Whether Deborah Phelps (now a middle school principal) consciously considered all of this when she encouraged her young son Michael’s endless curiosity (as a kid he always “asked 25 zillion questions”), when she deflected the concerns that he was ADHD by agreeing to his young request to come off Ritalin, when she came to the realization that although Michael couldn’t sit straight for a five minute algebra tutorial he would patiently wait “four hours at a meet waiting to swim his five minutes’ worth of races,” or as she watched him this week shatter world records as a now-mature international swimming sensation, her quiet work to nurture his competitive instincts and to channel them into the necessary discipline of sustained practice has paid off in stunning fashion tonight.

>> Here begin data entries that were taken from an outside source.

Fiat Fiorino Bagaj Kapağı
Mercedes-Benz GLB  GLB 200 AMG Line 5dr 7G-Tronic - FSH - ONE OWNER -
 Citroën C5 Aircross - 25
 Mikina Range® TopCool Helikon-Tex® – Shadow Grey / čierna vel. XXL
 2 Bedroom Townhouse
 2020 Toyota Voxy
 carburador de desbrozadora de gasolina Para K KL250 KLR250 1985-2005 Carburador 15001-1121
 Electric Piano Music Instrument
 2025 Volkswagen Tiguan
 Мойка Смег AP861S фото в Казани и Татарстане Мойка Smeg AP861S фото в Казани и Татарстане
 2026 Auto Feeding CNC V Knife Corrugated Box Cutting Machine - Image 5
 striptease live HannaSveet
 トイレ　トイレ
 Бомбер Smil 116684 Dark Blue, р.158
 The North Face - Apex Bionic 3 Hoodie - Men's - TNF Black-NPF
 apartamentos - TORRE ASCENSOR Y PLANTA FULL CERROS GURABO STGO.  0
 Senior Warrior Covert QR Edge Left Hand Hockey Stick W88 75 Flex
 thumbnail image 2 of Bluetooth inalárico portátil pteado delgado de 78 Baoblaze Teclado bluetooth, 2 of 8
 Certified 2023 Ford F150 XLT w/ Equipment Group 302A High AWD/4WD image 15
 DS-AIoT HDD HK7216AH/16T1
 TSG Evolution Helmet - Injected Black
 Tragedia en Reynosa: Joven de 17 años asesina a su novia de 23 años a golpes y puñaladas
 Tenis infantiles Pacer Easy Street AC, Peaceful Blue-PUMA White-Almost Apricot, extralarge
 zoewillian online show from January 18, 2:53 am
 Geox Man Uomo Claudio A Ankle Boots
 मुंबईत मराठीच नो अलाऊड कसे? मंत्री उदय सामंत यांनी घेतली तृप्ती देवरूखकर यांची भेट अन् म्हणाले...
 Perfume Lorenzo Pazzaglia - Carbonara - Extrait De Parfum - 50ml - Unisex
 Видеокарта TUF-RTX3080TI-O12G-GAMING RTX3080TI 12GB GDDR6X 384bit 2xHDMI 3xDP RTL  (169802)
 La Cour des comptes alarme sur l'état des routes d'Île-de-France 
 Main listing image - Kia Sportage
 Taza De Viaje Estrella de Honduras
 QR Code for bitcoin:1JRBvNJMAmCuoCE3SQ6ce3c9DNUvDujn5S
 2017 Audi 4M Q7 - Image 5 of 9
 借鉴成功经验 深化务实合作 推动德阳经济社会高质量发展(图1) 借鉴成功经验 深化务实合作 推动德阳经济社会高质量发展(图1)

SOURCES: Kate F. Hays, “The Enhancement of Performance Excellence Among Performing Artists,” Journal of Applied Sport Psychology 14 (2002): 299-312; W. Ray Crozier, “Individual Differences in Artistic Achievement: A Within-Family Case Study,” Creativity Research Journal 15.4 (2003): 311-319; Judith Harackiewicz, Kenneth Barron, John Tauer, Suzanne Carter, and Andrew Elliot, “Short-Term and Long-Term Consequences of Achievement Goals: Predicting Interest and Performance Over Time,” Journal of Educational Psychology 92.2 (2000): 316-330; Charles Murray, Human Accomplishment: The Pursuit of Excellence in the Arts and Sciences [800 B.C. to 1950] (New York: HarperCollins); Denis Dutton, “Of Human Accomplishment,” New Criterion (February 2004): 33-38; Robert Woody, “The Motivations of Exceptional Musicians,” Music Educators Journal (January 2004): 17-21; Michéle Lamont, Jason Kaufman, and Michael Moody, “The Best of the Brightest: Definitions of the Ideal Self Among Prize-Winning Students,” Sociological Forum 15.2 (2000): 187-224.